The results obtained from Tables 6 and 7 and Figs. 4 and 5 present 11 metric evaluation parameters, which are true positive (TP), true negative (TN), false positive (FP), false negative (FN), accuracy, sensitivity, specificity, positive predictivity, F1 score, Fall-Out, and Mis-Rate for seven classifiers that are support vector machine (SVM), ensemble, K-nearest neighbors (KNN), linear discriminant analysis (LDA), logistic regression, decision tree, and Naïve Bayes. Table 6 and Fig. 4 showing the metric evaluation parameters for the seven classifiers in random case testing, the KNN classifier is better than the others in accuracy, specificity, positive predictivity, but the ensemble is better than the others in sensitivity and missing rate. The proposed algorithm based on the KNN classifier has a high rate of error (13.9%) compared to the proposed algorithm based on the ensemble classifier (2.3%). Table 7 and Fig. 5 present the metric evaluation parameters for the proposed algorithm based on each classifier of the seven classifiers in the continuous case test method, the proposed algorithm based on the Ensemble classifier is better than the proposed algorithm based on other classifiers in all metric parameters. Figure 6 shows that the proposed algorithm based on Ensemble classifier detected all seizure cases without any error, but there is some difficulty in detecting all normal cases.

7 Conclusion

This paper proposed a computer aided seizure diagnosis classification system based on feature extraction and channel selection using EEG signals. The proposed approach is evaluated through different experiment circumstances over CHB-MIT dataset. This proposed approach is based on five steps. The first step is to select a channel by calculating the variance parameter for each channel, as each sample consists of 23 channels. The highest three channels of variance will be selected. The second step was to extract eleven features from the selected three channels then averaging these extracted features of the three channels to only one value per feature. As a result, each sample will be represented as only 11 features. The third step is classification, where seven classifiers had been used and experimented these classifiers are support vector machine (SVM), ensemble, K-nearest neighbors (KNN), linear discriminant analysis (LDA), logistic regression, decision tree, and Naïve Bayes. The fourth step is cross-validation and testing, as the data is divided into five sets of training and testing sets. The training set consisted of 250 samples, each of which will be represented by 11 features generated from the first two steps. The testing was carried out using two different methods; the first was randomized case testing, which the EEG samples had been collected from different patients and the second was continuous case testing method that the EEG samples had been collected from only one patient. The last step is the evaluation of the classifiers and measuring the performance of the classifiers. In the first randomized case testing method, the proposed approach based on the KNN classifier is better than the other classifiers in accuracy, specificity, positive predictivity, but the proposed approach based on the ensemble is better in other metric parameters such as sensitivity and missing rate.

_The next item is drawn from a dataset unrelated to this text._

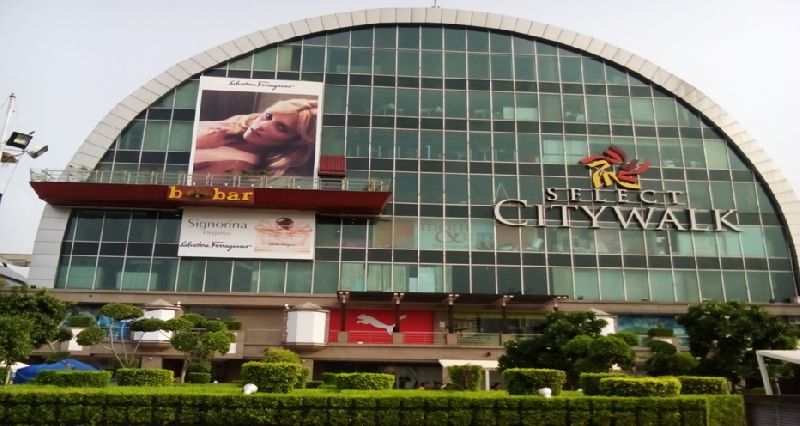 Shopping Mall Facade Advertising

The KNN has a high rate of error (13.9%) compared to the ensemble (2.3%). In the second continuous case testing method. The proposed approach based on the ensemble classifier is better classified than the other classifiers in all metric parameters,

In future work, the proposed approach based on the ensemble classifier predicted all seizure cases without any error, but there is some difficulty in predicting all normal cases that will be recovered in the future then compared with several previous algorithms. In addition, IoT system will be proposed which is based cloud framework for collect, store, and analyze data from patient wearable devices with the scalability to millions of users. Finally, the proposed approach based on deep learning will be proposed for accurate detection of seizures over different available datasets.